Problem description
For this exercise, reproduce each entry below exactly, excluding pictures.

-------- Exercise input

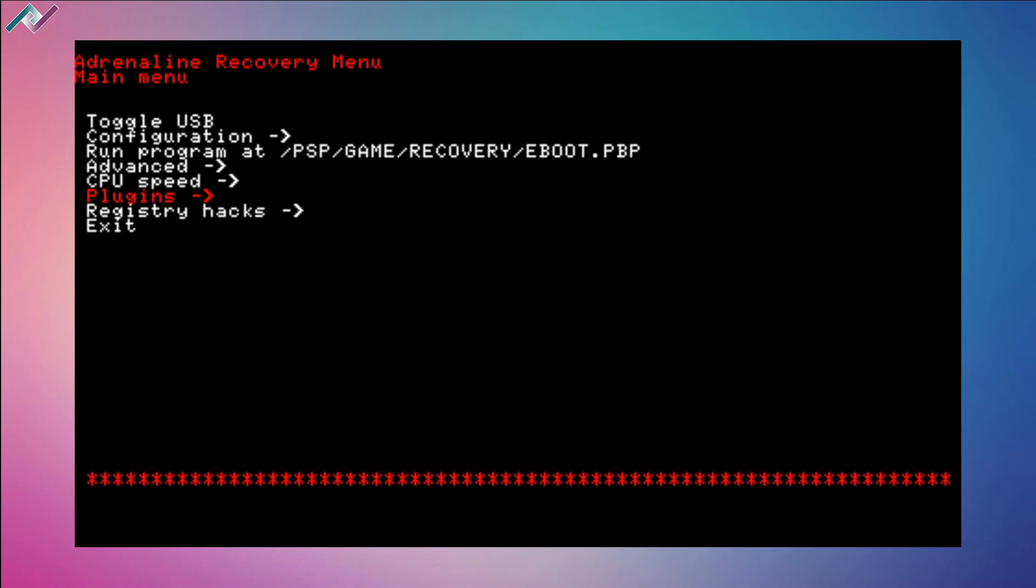Restart your PSP and you should be good to go.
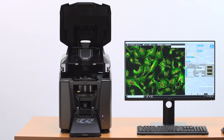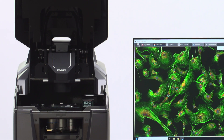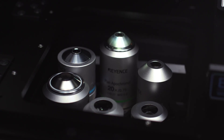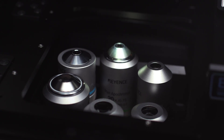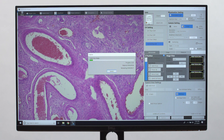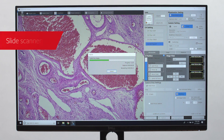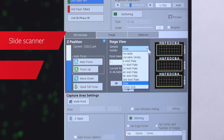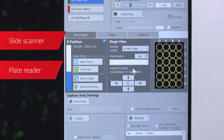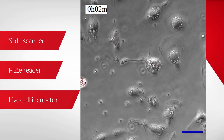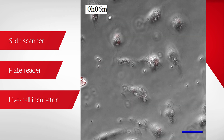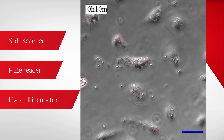The BZ-X pushes beyond the capabilities of the traditional epifluorescence microscope, streamlining the capabilities of a slide scanner, plate reader, and live cell incubator into a single platform.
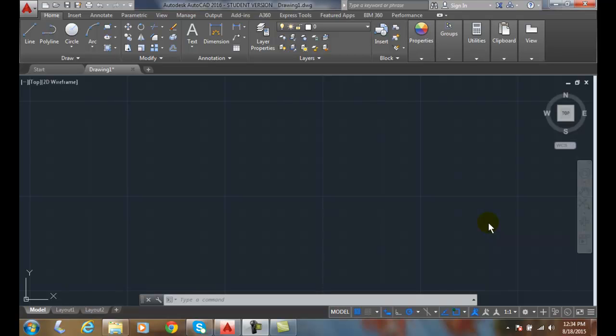Absolute coordinates. We have three different coordinate entry methods. The first method is called absolute coordinates. We are going to locate points based on its measurement from the origin, or its absolute values from the origin.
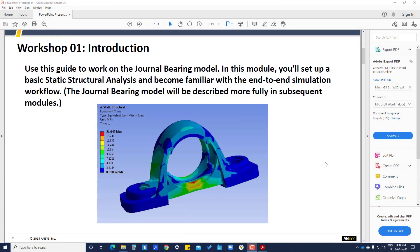Hi, this is Hariman Vashne and we are starting this first tutorial for ANSYS. In this first tutorial we are going to study the basic workflow of ANSYS, and we will do a simple static structural analysis of a general bearing. This bearing will have one bearing inside a slot and will be fixed on one surface.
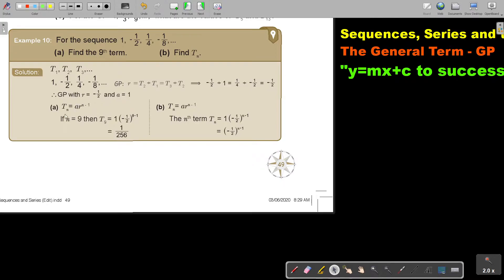For the 9th term, I just substitute 9 minus 1 and work it out on the calculator. For TN, I have A, so I work out TN for this specific sequence. I put in A and I put in my value of R, and that is then my general term. So if I ask the 9th term, I can just use this and say 9 minus 1 is 8, and I get exactly that same answer.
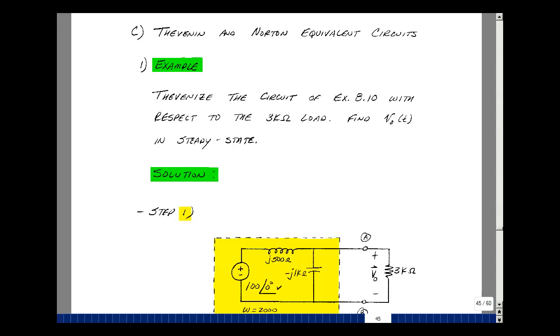This lesson deals with a Thevenin equivalent circuit example. You can find these notes in the ECE 202 e-book in Chapter 8, starting on page 45. We'll Theveninize the circuit of Example 810 with respect to the 3k load.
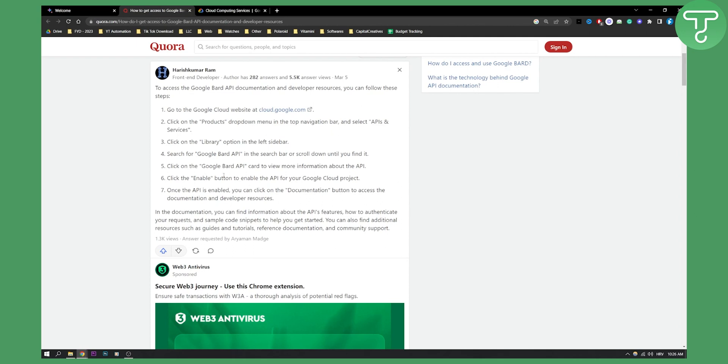You can click enable button to enable the API for your Google Cloud project, and then once the API is enabled you can click on documentation button to access the documentation and developer resources.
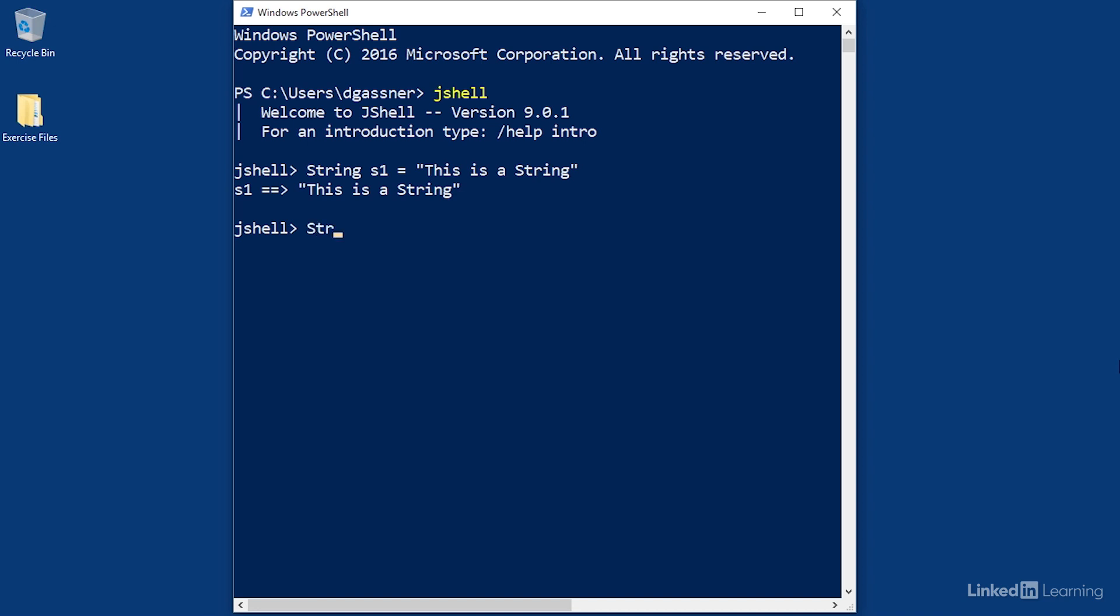This results in creating the String object and assigning its initial value. Here's another version. I'll declare another string called s2, and this time I'll use object creation syntax with 'new String' and pass in 'this is also a string'. For most purposes, these two statements are equivalent. In both cases, you're creating a String object and allocating memory.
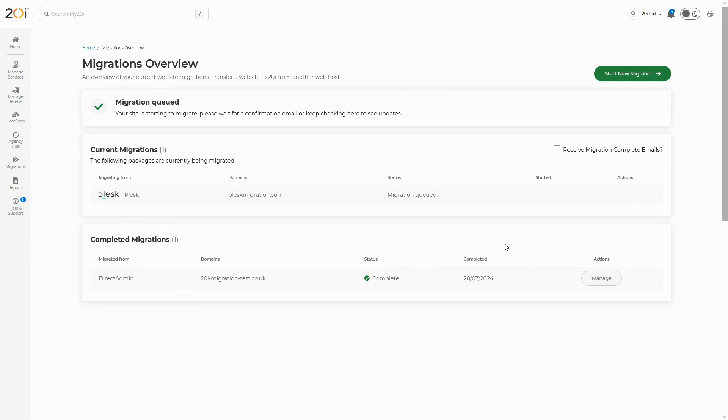The migration will move all the site files, as well as the database. Any mailboxes configured on the server will also be moved during the migration.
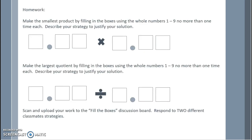Homework: Make the smallest product by filling in the boxes using the whole numbers one through nine, no more than one time each. Describe your strategy to justify your solution. Then make the largest quotient using the same constraint. Scan and upload your work to the Fill the Blocks discussion board and respond to two different classmates' strategies.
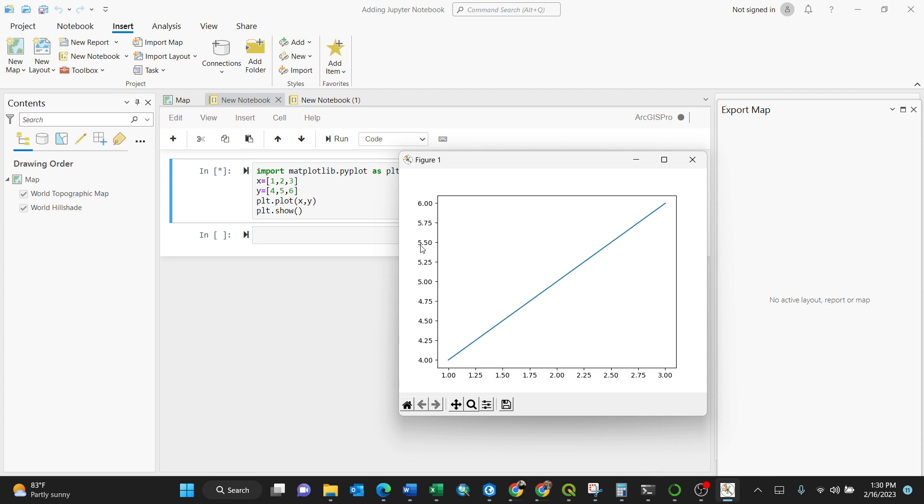This is the way of how to add a new notebook Python-related integrated in ArcGIS Pro. Thank you a lot.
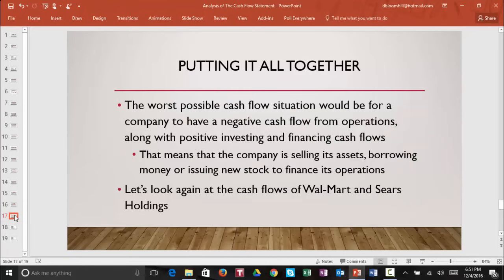The worst possible cash flow situation would be for a company to have negative cash flows from operations, along with positive investing and financing cash flows. That would mean that the company is selling its assets, borrowing money, or issuing new stock to finance its operations. As we discussed, the company cannot continue to do that period after period.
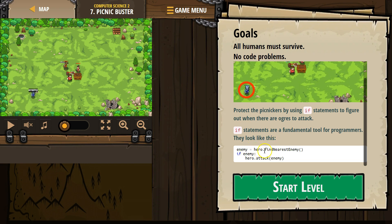Enemy equals hero dot find nearest enemy. So this is a variable — we create a variable called enemy. We tell the hero to look around, and if the hero sees an enemy, enemy then equals whoever the hero saw. So if the hero looks around and sees an enemy, our variable enemy equals that enemy — it's like giving them a new name.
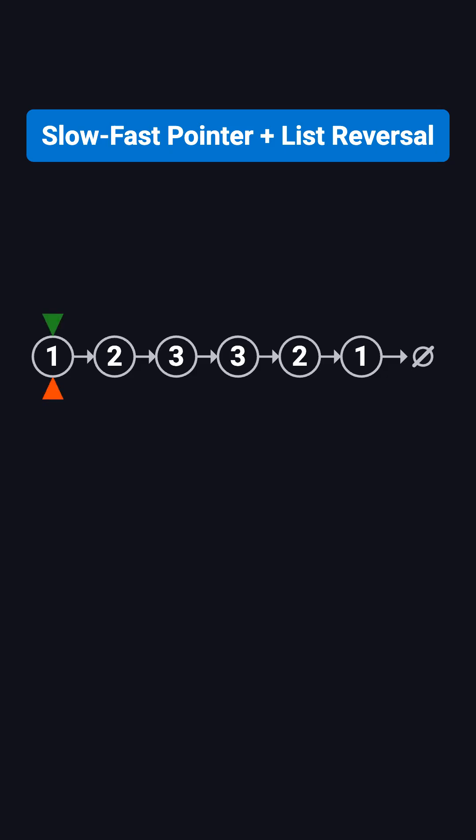Step 1, use the fast and slow pointer technique to find the middle of the list. The slow pointer moves one step at a time, while the fast pointer moves two steps. When the fast pointer reaches null, the slow pointer stops at the second three, which is the middle.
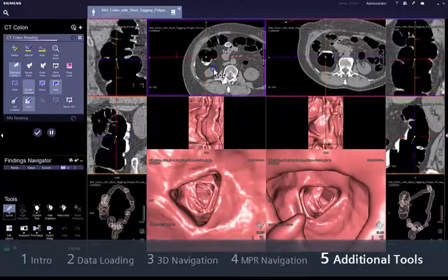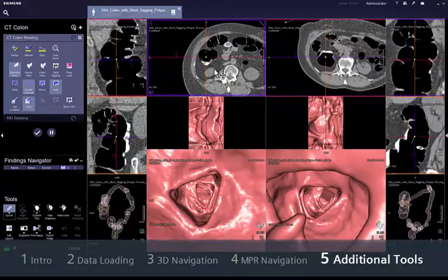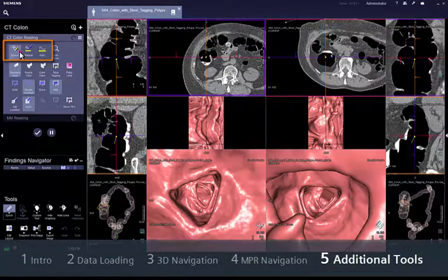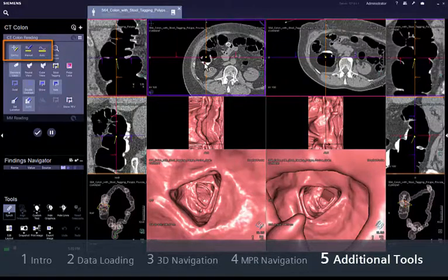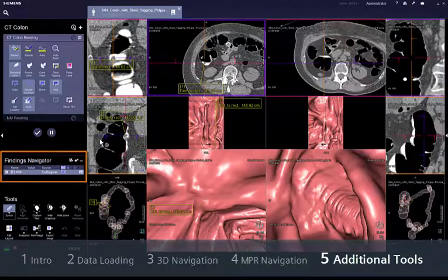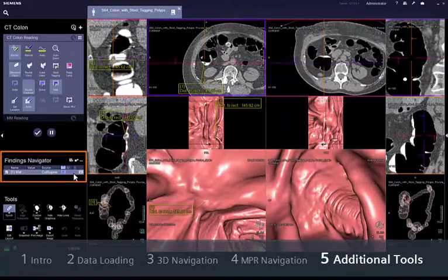If you find a potential lesion, you can either mark it or measure it in 2D or in 3D. In any case, a finding will be created in the findings navigator for further archiving. You can always come back to review the findings in the findings navigator.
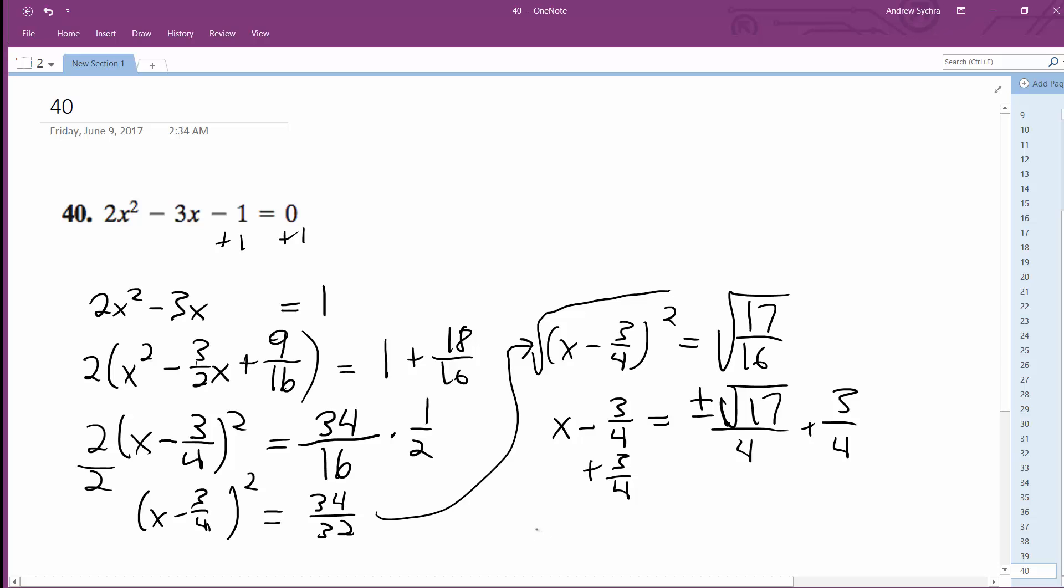Finally, we get our solution. x is equal to 3 plus or minus the square root of 17 all over 4. This is two solutions because you get the plus or minus there. That is the solution. Hope this helps.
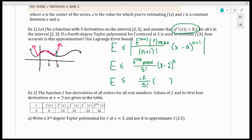So 3 minus 2 to the fifth is 1 to the fifth. 0.2 over 5 factorial is one-fifth over 5 factorial — that's one-fifth divided by 120, which equals 1/600. That means if I use a fourth degree Taylor centered at 2, I will be apart from the real value of f(3) by no more than 1/600th. If that's close enough, I can stop writing at the fourth degree term.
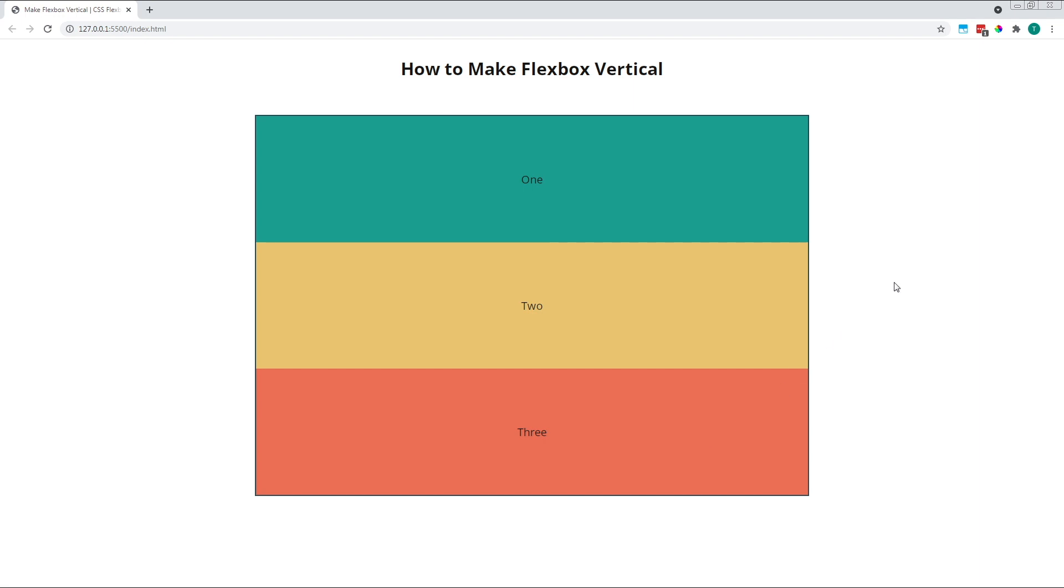I think that just about covers the basics of creating a vertical layout with CSS Flexbox. The quickest and easiest method is to change the flex direction to column on the parent flex container. Alternatively, you can give each flex item a flex basis value of 100% and set flex wrap to wrap on the parent container.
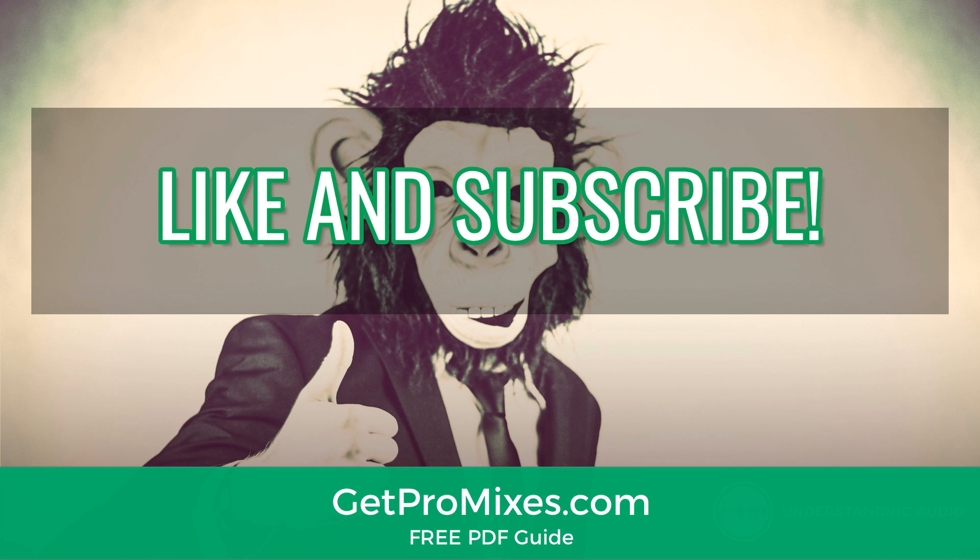I'll be back with part three quicker than you can say Arnold Schwarzenegger. And in the meantime, keep having fun making great music.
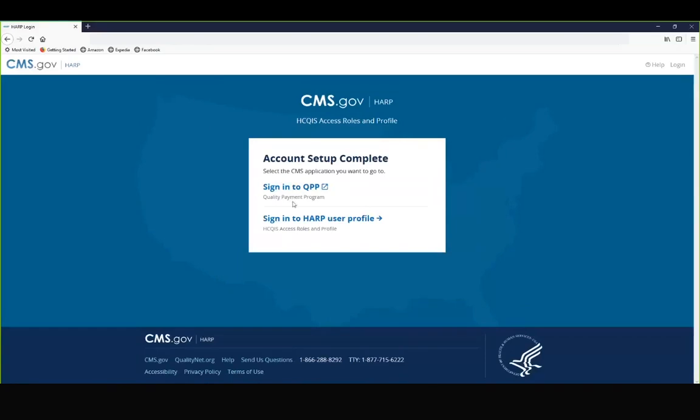At this point, you can sign in to the Quality Payment Program so that you can connect to an organization, the second step in the two-step process that will allow you to submit, view, and manage data for your organization.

----------------

Problem solution
Restart your PSP and you should be good to go.
The BZ-X pushes beyond the capabilities of the traditional epifluorescence microscope, streamlining the capabilities of a slide scanner, plate reader, and live cell incubator into a single platform.
Absolute coordinates. We have three different coordinate entry methods. The first method is called absolute coordinates. We are going to locate points based on its measurement from the origin, or its absolute values from the origin.
Hi, this is Hariman Vashne and we are starting this first tutorial for ANSYS. In this first tutorial we are going to study the basic workflow of ANSYS, and we will do a simple static structural analysis of a general bearing. This bearing will have one bearing inside a slot and will be fixed on one surface.
For the 9th term, I just substitute 9 minus 1 and work it out on the calculator. For TN, I have A, so I work out TN for this specific sequence. I put in A and I put in my value of R, and that is then my general term. So if I ask the 9th term, I can just use this and say 9 minus 1 is 8, and I get exactly that same answer.
This lesson deals with a Thevenin equivalent circuit example. You can find these notes in the ECE 202 e-book in Chapter 8, starting on page 45. We'll Theveninize the circuit of Example 810 with respect to the 3k load.
You can click enable button to enable the API for your Google Cloud project, and then once the API is enabled you can click on documentation button to access the documentation and developer resources.
This results in creating the String object and assigning its initial value. Here's another version. I'll declare another string called s2, and this time I'll use object creation syntax with 'new String' and pass in 'this is also a string'. For most purposes, these two statements are equivalent. In both cases, you're creating a String object and allocating memory.
The migration will move all the site files, as well as the database. Any mailboxes configured on the server will also be moved during the migration.
Homework: Make the smallest product by filling in the boxes using the whole numbers one through nine, no more than one time each. Describe your strategy to justify your solution. Then make the largest quotient using the same constraint. Scan and upload your work to the Fill the Blocks discussion board and respond to two different classmates' strategies.
This is the way of how to add a new notebook Python-related integrated in ArcGIS Pro. Thank you a lot.
The worst possible cash flow situation would be for a company to have negative cash flows from operations, along with positive investing and financing cash flows. That would mean that the company is selling its assets, borrowing money, or issuing new stock to finance its operations. As we discussed, the company cannot continue to do that period after period.
Enemy equals hero dot find nearest enemy. So this is a variable — we create a variable called enemy. We tell the hero to look around, and if the hero sees an enemy, enemy then equals whoever the hero saw. So if the hero looks around and sees an enemy, our variable enemy equals that enemy — it's like giving them a new name.
Step 1, use the fast and slow pointer technique to find the middle of the list. The slow pointer moves one step at a time, while the fast pointer moves two steps. When the fast pointer reaches null, the slow pointer stops at the second three, which is the middle.
If you find a potential lesion, you can either mark it or measure it in 2D or in 3D. In any case, a finding will be created in the findings navigator for further archiving. You can always come back to review the findings in the findings navigator.
Finally, we get our solution. x is equal to 3 plus or minus the square root of 17 all over 4. This is two solutions because you get the plus or minus there. That is the solution. Hope this helps.
So 3 minus 2 to the fifth is 1 to the fifth. 0.2 over 5 factorial is one-fifth over 5 factorial — that's one-fifth divided by 120, which equals 1/600. That means if I use a fourth degree Taylor centered at 2, I will be apart from the real value of f(3) by no more than 1/600th. If that's close enough, I can stop writing at the fourth degree term.
I think that just about covers the basics of creating a vertical layout with CSS Flexbox. The quickest and easiest method is to change the flex direction to column on the parent flex container. Alternatively, you can give each flex item a flex basis value of 100% and set flex wrap to wrap on the parent container.
I'll be back with part three quicker than you can say Arnold Schwarzenegger. And in the meantime, keep having fun making great music.
At this point, you can sign in to the Quality Payment Program so that you can connect to an organization, the second step in the two-step process that will allow you to submit, view, and manage data for your organization.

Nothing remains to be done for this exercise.